This page contains details about the Hive design and architecture. A brief technical report about Hive is available at hive.pdf.
|Table of Contents|
- Parser – Transform a query string to a parse tree representation.
- Semantic Analyser – Transform the parse tree to an internal query representation, which is still block based and not an operator tree. As part of this step, the column names are verified and expansions like * are performed. Type-checking and any implicit type conversions are also performed at this stage. If the table under consideration is a partitioned table, which is the common scenario, all the expressions for that table are collected so that they can be later used to prune the partitions which are not needed. If the query has specified sampling, that is also collected to be used later on.
- Logical Plan Generator – Convert the internal query representation to a logical plan, which consists of a tree of operators. Some of the operators are relational algebra operators like 'filter', 'join' etc. But some of the operators are Hive specific and are used later on to convert this plan into a series of map-reduce jobs. One such operator is a reduceSink operator which occurs at the map-reduce boundary. This step also includes the optimizer to transform the plan to improve performance – some of those transformations include: converting a series of joins into a single multi-way join, performing a map-side partial aggregation for a group-by, performing a group-by in 2 stages to avoid the scenario when a single reducer can become a bottleneck in presence of skewed data for the grouping key. Each operator comprises a descriptor which is a serializable object.
- Query Plan Generator – Convert the logical plan to a series of map-reduce tasks. The operator tree is recursively traversed, to be broken up into a series of map-reduce serializable tasks which can be submitted later on to the map-reduce framework for the Hadoop distributed file system. The reduceSink operator is the map-reduce boundary, whose descriptor contains the reduction keys. The reduction keys in the reduceSink descriptor are used as the reduction keys in the map-reduce boundary. The plan consists of the required samples/partitions if the query specified so. The plan is serialized and written to a file.

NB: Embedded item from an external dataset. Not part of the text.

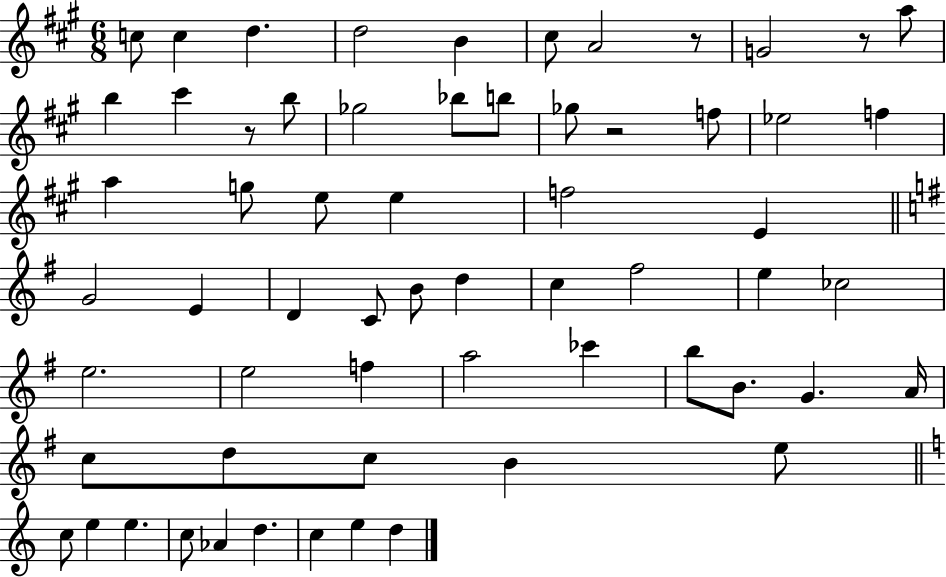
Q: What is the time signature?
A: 6/8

More plan transformations are performed by the optimizer. The optimizer is an evolving component. As of 2011, it was rule-based and performed the following: column pruning and predicate pushdown. However, the infrastructure was in place, and there was work under progress to include other optimizations like map-side join. (Hive 0.11 added several join optimizations.)
The optimizer can be enhanced to be cost-based (see Cost-based optimization in Hive and HIVE-5775). The sorted nature of output tables can also be preserved and used later on to generate better plans. The query can be performed on a small sample of data to guess the data distribution, which can be used to generate a better plan.
A correlation optimizer was added in Hive 0.12.
The plan is a generic operator tree, and can be easily manipulated.
Hive APIs Overview describes various public-facing APIs that Hive provides.